Without the pictures, copy all of the data exactly.

• [Source material]
※ ※ ※
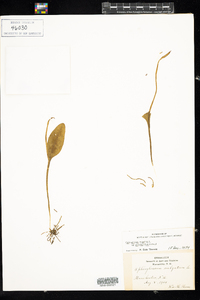 Ophioglossum pusillum image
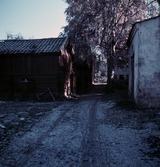 Gårdsinterör på Gamla söder, 1950-tal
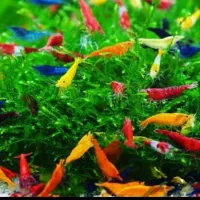 انواع شریمپ مولد کت پوزه بوته ای کاتاپا غذای ماهی|ماهی|تهران, نارمک|دیوار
※ ※ ※
• [Answer box]
 Ophioglossum pusillum image
 Gårdsinterör på Gamla söder, 1950-tal
 انواع شریمپ مولد کت پوزه بوته ای کاتاپا غذای ماهی|ماهی|تهران, نارمک|دیوار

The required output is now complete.